- Ucciso da un drone l’ideatore della carneficina all’aereoporto di Kabul, chi altro dovrebbe temere la punizione promessa da Biden? I rimasugli dell’Isis Khorasan nascosti al confine con il Pakistan? E soltanto loro o anche altri?
- L’Afghanistan è forse uno dei pochi luoghi del mondo dove la storia si presenta quasi sempre come intrigo, complotto labirintico; dove nulla è ciò che appare. Era così anche ai tempi del “Kim” di Kipling, figuriamoci in una fase che vede accorrere tutti i servizi segreti dell’area.
- L’altra avvertenza da non dimenticare: al contrario del terrorismo europeo, le organizzazioni armate non sono compartimentate e mancano di una precisa identità ideologica che impedisca joint venture con organizzazioni rivali.
Ucciso da un drone l’ideatore della carneficina all’aereoporto di Kabul, chi altro dovrebbe temere la punizione promessa da Biden? I rimasugli dell’Isis Khorasan nascosti al confine con il Pakistan? E soltanto loro o anche altri, omessi per ragioni di opportunità dal presidente americano?
In merito la sparsa setta degli specialisti in Talebani (nel mondo forse una ventina, tra ricercatori e giornalisti asiatici) è circospetta, come di solito i pochi che sanno quando si discute di misteri afghani. Davvero l’Isis e tutti i Talebani sono tra loro nemici? Alcuni dubitano.
Il più esplicito, Sajjan Gohel, visiting professor della London school, mette in guardia: attenzione, l’Isis è in stretti legami con l’Haqqani network, la più poderosa struttura militare dei Talebani, quella che ha preso Kabul. Con il massacro dell’aeroporto i Talebani, aggiunge Gohel, raggiungono due scopi: obbligano gli occidentali a sgomberare entro la data limite del 31 agosto e scoraggiano la fuga di afghani che intendono riutilizzare nell’amministrazione. E soprattutto, si potrebbe aggiungere, ora i Talebani possono presentarsi ai creduli come coloro che contrasteranno il terrorismo anti-occidentale.
Intrighi e complotti
Verosimile come altre ipotesi, e come quelle non provata, questa ha il pregio di chiarire due punti al momento ignorati dal centinaio di giornalisti italiani che adesso discetta di Talebani con una sicurezza invidiabile.
La prima: non è un caso se i russi battezzarono “Il torneo delle ombre” quello scontro tra imperi per l’egemonia in Asia centrale chiamato dai britannici “Il grande gioco”.

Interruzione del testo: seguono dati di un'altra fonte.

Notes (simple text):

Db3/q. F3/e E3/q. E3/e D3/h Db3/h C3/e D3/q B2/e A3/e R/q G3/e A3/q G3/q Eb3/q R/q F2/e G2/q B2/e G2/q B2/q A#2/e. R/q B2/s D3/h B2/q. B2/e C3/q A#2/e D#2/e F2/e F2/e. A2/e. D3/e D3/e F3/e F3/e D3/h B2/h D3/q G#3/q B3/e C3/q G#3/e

L’Afghanistan è forse uno dei pochi luoghi del mondo dove la storia si presenta quasi sempre come intrigo, complotto labirintico; dove nulla è ciò che appare. Era così anche ai tempi del “Kim” di Kipling, figuriamoci in una fase che vede accorrere tutti i servizi segreti dell’area – dai pakistani agli indiani, dagli iraniani ai cinesi, ai russi, agli occidentali. L’altra avvertenza da non dimenticare: al contrario del terrorismo europeo, le organizzazioni armate non sono compartimentate e mancano di una precisa identità ideologica che impedisca joint venture con organizzazioni rivali. Per citare Gohel, «la cruda realtà di terrorismo e politica in Afghanistan è che la situazione non è mai bianco o nero. Nemici giurati possono combattersi un giorno e collaborare il giorno successivo per un mutuo profitto. I gruppi sono intrecciati e interconnessi. Legami tribali e matrimoniali assicurano che le loro differenze ideologiche non provochino linee di frattura».

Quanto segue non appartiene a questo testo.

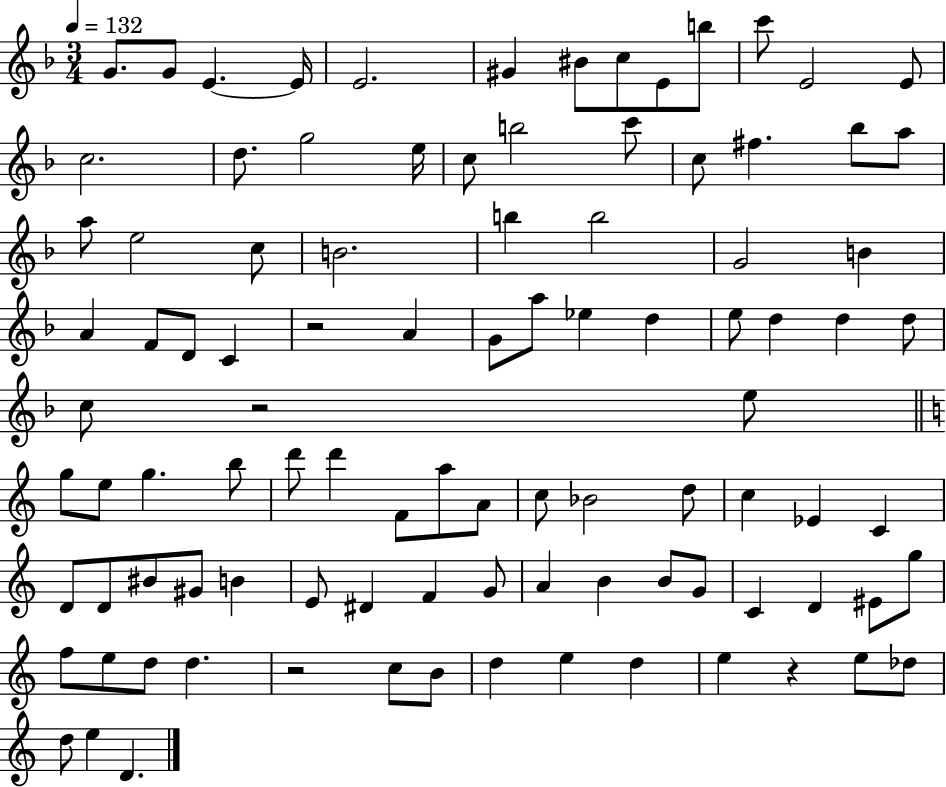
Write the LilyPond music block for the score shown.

{
  \clef treble
  \numericTimeSignature
  \time 3/4
  \key f \major
  \tempo 4 = 132
  \repeat volta 2 { g'8. g'8 e'4.~~ e'16 | e'2. | gis'4 bis'8 c''8 e'8 b''8 | c'''8 e'2 e'8 | \break c''2. | d''8. g''2 e''16 | c''8 b''2 c'''8 | c''8 fis''4. bes''8 a''8 | \break a''8 e''2 c''8 | b'2. | b''4 b''2 | g'2 b'4 | \break a'4 f'8 d'8 c'4 | r2 a'4 | g'8 a''8 ees''4 d''4 | e''8 d''4 d''4 d''8 | \break c''8 r2 e''8 | \bar "||" \break \key c \major g''8 e''8 g''4. b''8 | d'''8 d'''4 f'8 a''8 a'8 | c''8 bes'2 d''8 | c''4 ees'4 c'4 | \break d'8 d'8 bis'8 gis'8 b'4 | e'8 dis'4 f'4 g'8 | a'4 b'4 b'8 g'8 | c'4 d'4 eis'8 g''8 | \break f''8 e''8 d''8 d''4. | r2 c''8 b'8 | d''4 e''4 d''4 | e''4 r4 e''8 des''8 | \break d''8 e''4 d'4. | } \bar "|."
}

Se non bastasse, a garantire che l’area resti un continuum concorrono triangolazioni arabe e pakistane. Ricchi finanziatori, servizi segreti, partiti fondamentalisti, circoli teologici. Non c‘è una cabina di regia regionale, un centro che coordini le azioni secondo una strategia coerente. Ma in assenza della mitologica “testa del serpente”, qualunque pezzo del micidiale rettile gli occidentali taglino, ricrescerà.
L’Haqqani network
Un buon esempio di tutto questo è l’Haqqani network, l’alleato del servizio segreto pakistano (Isi) col quale forse Islamabad è riuscita a “scalare” il movimento dei Talebani, o perlomeno a comprimerne il nucleo fondatore, quello del mullah Omar.

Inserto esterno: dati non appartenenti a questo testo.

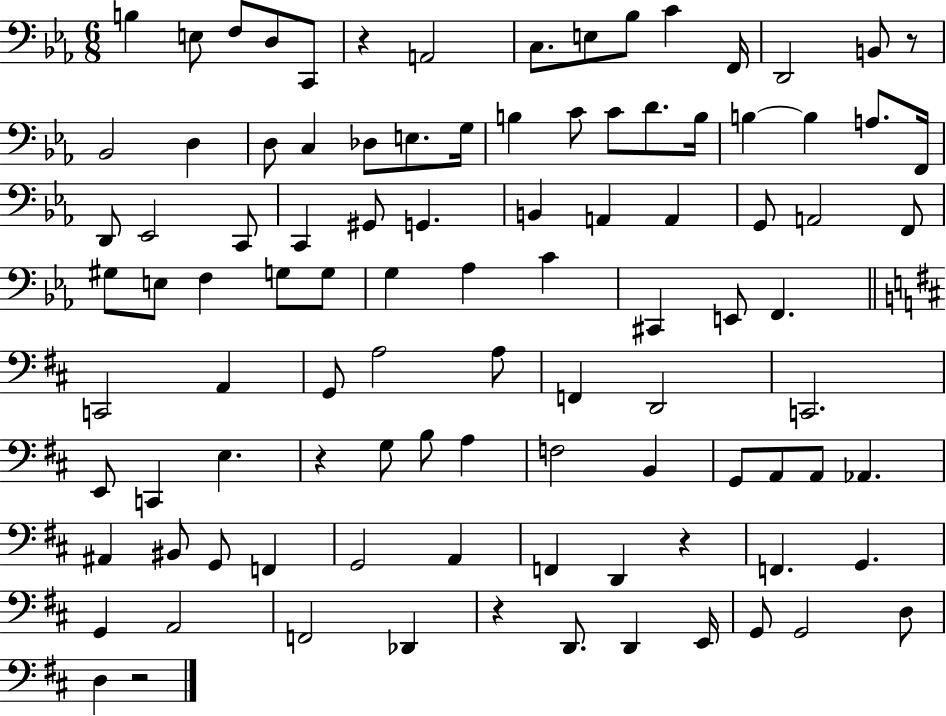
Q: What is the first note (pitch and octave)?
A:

Gli Haqqani sono i laureati nel più grande seminario islamico del Pakistan, l’Haqqania. Il figlio del fondatore e direttore dell’Haqqania fino alla scorsa decade era un senatore fondamentalista chiamato dagli adulatori “padre dei Talebani”.
Costretto alle dimissioni quando la tenutaria di un bordello di Islamabad lo indicò tra frequentatori, era in attesa di partecipare a una dimostrazione per sollecitare l’impiccagione di Asia Bibi (una contadina pakistana e cattolica madre di cinque figli accusata di blasfemia) quando subì a sua volta la pena di morte, comminata non si sa da chi ed eseguita dall’ignoto sicario che lo sbudellò in casa con una mannaia.
Nell’Haqqania si insegna l’islam Deobandi, un credo stralunato che nasce nel Punjab ma viene fatto proprio dai Talebani, essendo il più prossimo al Pashtunwali, il tradizionale codice di comportamento dei contadini pashtun a cavallo tra Afghanistan e Pakistan. Il fondatore dell’Haqqani network, Jalaluddin, fu leggendario comandante nella guerra contro i sovietici, e finché impalava le teste mozze di soldatini nemici sul fronte di Jelalabad al fianco di Osama, era un “combattente per la libertà” lodato perfino dalla Casa Bianca.
Ma dopo l’11 settembre le interconnessioni tra al Qaeda e l’Haqqani network costrinsero gli americani a un drastico ripensamento. Messo in salvo Osama, Jalaluddin si trasferì in Pakistan, nel Waziristan settentrionale, da cui la banda lanciava mortali scorribande in Afghanistan.
I kamikaze di Sirajuddin
Al vertice del network si insediò l’ex ministro dei Talebani Sirajuddin, figlio di Jalaluddin e, circostanza non casuale, di una saudita. Già ministro dell’emirato, fu anche ministro nel governo dei Talebani. Sirajuddin importò dall’Arabia amica un’arma fino ad allora sconosciuta agli afghani, i kamikaze, e ne perfezionò il metodo: adolescenti che avevano visto familiari uccisi dai droni americani venivano incitati al dovere della vendetta e acquartierati in case le cui pareti anticipavano le delizie del paradiso con vivide pitture (pezzi forti di quel trailer murale: sorgenti d’acqua e urì).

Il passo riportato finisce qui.